Please repeat the data below exactly, with the pictures removed.
----------------------------------------
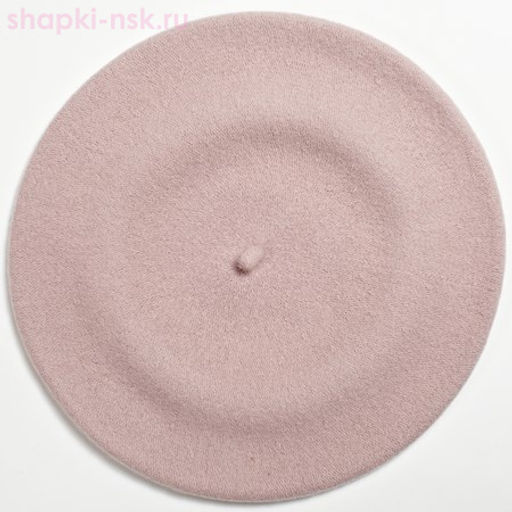 Берет фетр без отделки 115 Берет женский (58-59) - Tonak фото 10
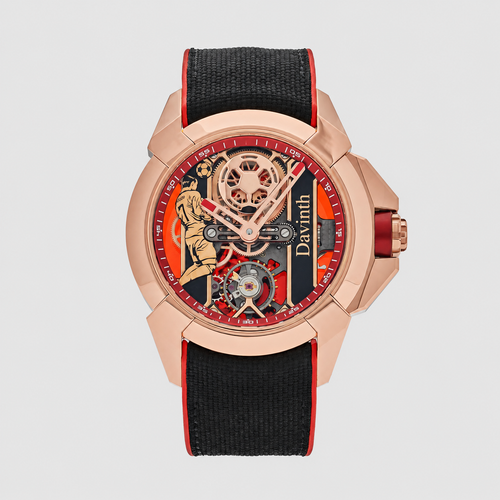 JC EXC RG Rose Gold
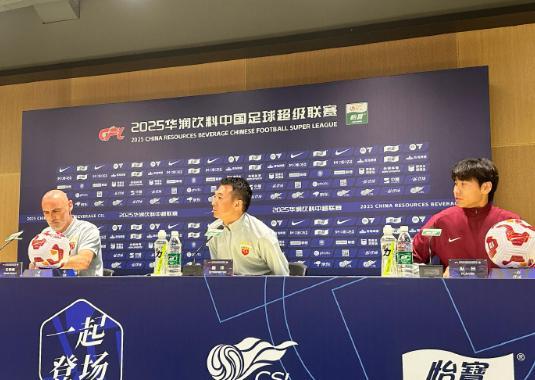 穆斯卡特：亚冠后球队恢复情况不错，明天对阵国安比赛很重要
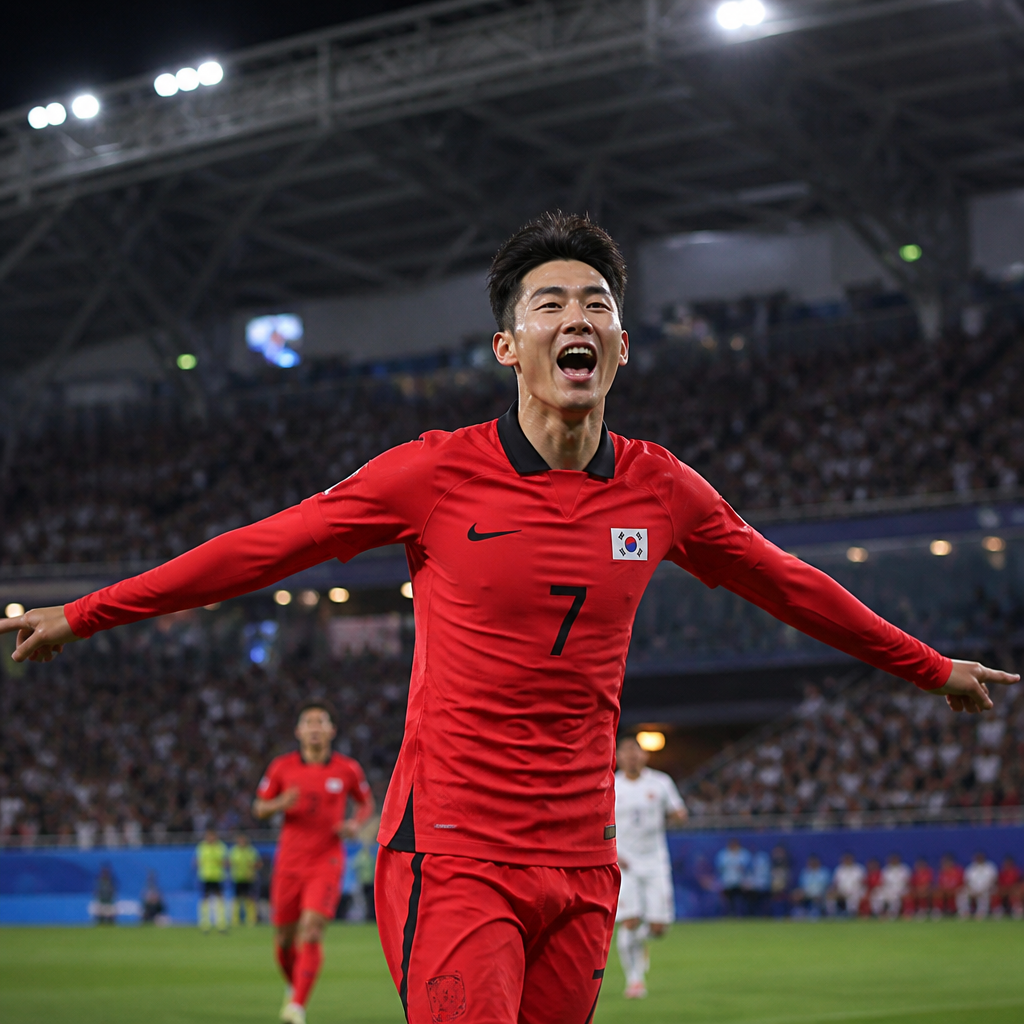 아시안게임 축구 개막과 스포츠클라이밍 동반 금빛 도전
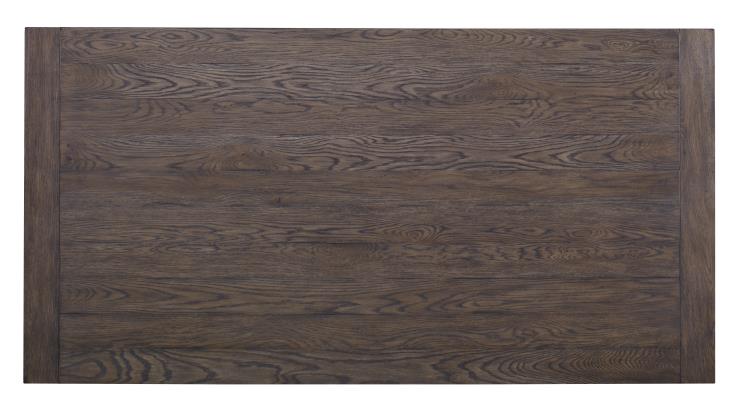 Walton Dining Table - Brown Rustic by Century Furniture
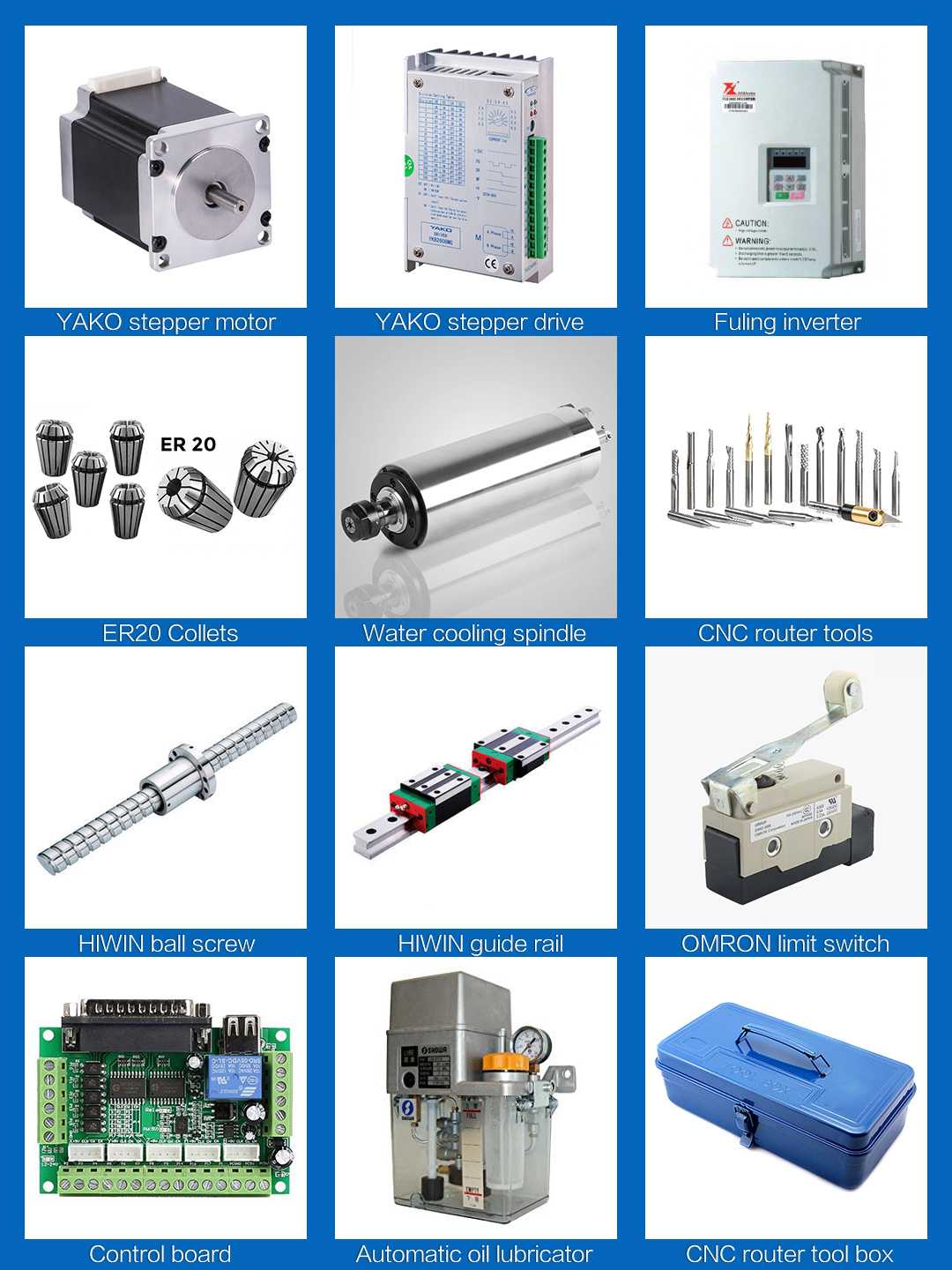 1325數控雕刻機，帶四軸旋轉工作臺規格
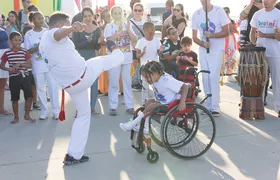 UFF lança projeto “GINGAS Capoeira” com oficinas gratuitas abertas ao público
----------------------------------------
EXERCISE OUTPUT:
 Берет фетр без отделки 115 Берет женский (58-59) - Tonak фото 10
 JC EXC RG Rose Gold
 穆斯卡特：亚冠后球队恢复情况不错，明天对阵国安比赛很重要
 아시안게임 축구 개막과 스포츠클라이밍 동반 금빛 도전
 Walton Dining Table - Brown Rustic by Century Furniture
 1325數控雕刻機，帶四軸旋轉工作臺規格
 UFF lança projeto “GINGAS Capoeira” com oficinas gratuitas abertas ao público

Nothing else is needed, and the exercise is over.